Coping skills: There are many techniques you can learn to help ease tension, anxiety and pain, including relaxation, visualization, meditation and biofeedback, as well as minimizing negative self talk, hopelessness and victimization.

Complementary therapies: Some people with fibromyalgia have gotten relief from such therapies as massage, movement therapies (such as Pilates, Yoga or Tai Chi) among others.
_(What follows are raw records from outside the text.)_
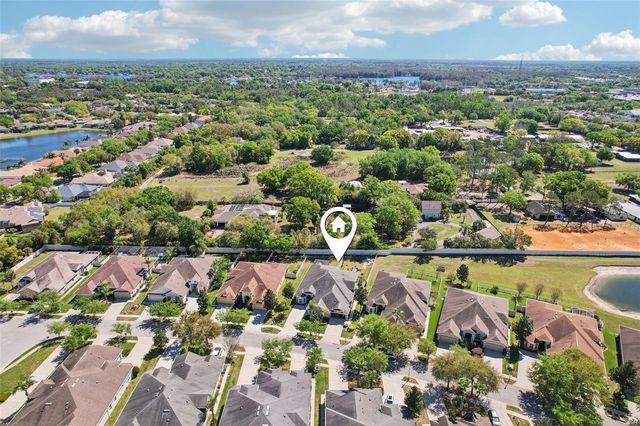 2916 DEVONOAK BOULEVARD, Land O Lakes, FL 34638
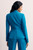All Year Wool Belmont Jacket Turquoise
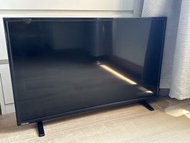 東芝電視 Toshiba 32" LCD TV Model 32L3758H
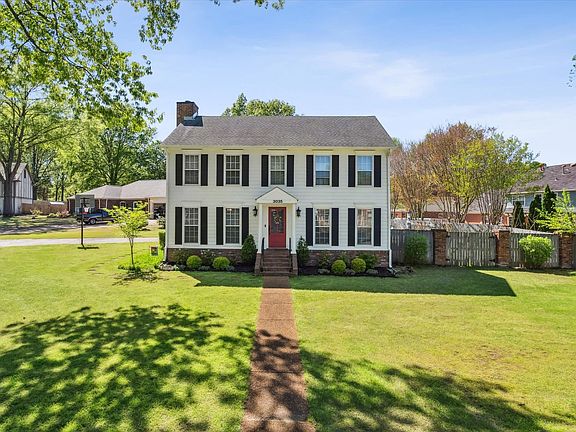 2nd image of 3035 Honey Tree Dr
• trigger point injections with lidocaine

• physical therapy

• occupational therapy

• acupuncture/acupressure

• relaxation/biofeedback techniques

• osteopathic manipulation

• chiropractic care

• therapeutic massage

Your doctor can tailor your treatment plan to meet your individual needs. Some people with fibromyalgia have mild symptoms and need very little treatment once they understand what fibromyalgia is and how to avoid what worsens their condition. Other people, however, require a comprehensive care program, involving medication, exercise and training to help them cope with pain.

Who is at risk?

The typical fibromyalgia patient is a woman between the ages of 30 and 50 years. Prevalence studies in the United States indicate that fibromyalgia affects about three to five percent of adult women and about 0.5 percent of adult men. Prevalence increases with age but the syndrome is also seen in children.

People with established autoimmune disorders may experience symptoms of fibromyalgia. Studies have suggested that up to 25 percent people with systemic inflammatory disorders, such as systemic lupus erythematosus, rheumatoid arthritis and ankylosing spondylitis, also meet criteria for fibromyalgia.

Prognosis:

Fibromyalgia is a common and chronic problem. The symptoms sometimes improve. At other times, the symptoms may worsen and continue for months or years. The key is seeking professional help which includes a multi-faceted approach to the management and treatment of the disease. There is no proof that fibromyalgia syndrome results in an increased death rate.

Complications:

Conditions reported as associated with fibromyalgia or that mimic its symptoms include: rheumatoid arthritis, hypothyroidism, cervical and low-back degenerative disease, Lyme disease, chronic fatigue syndrome, sleep disorders, depression, cancer, and HIV infection. Call your health-care provider if symptoms of fibromyalgia develop.

Prevention:

There is no proven prevention for this disorder. However, over the years, the treatment and management of the disease has improved.

Disclaimer:

The information provided herein should not be used during any medical emergency or for the diagnosis or treatment of any medical condition. A licensed physician should be consulted for diagnosis and treatment of any and all medical conditions. Call 911 for all medical emergencies.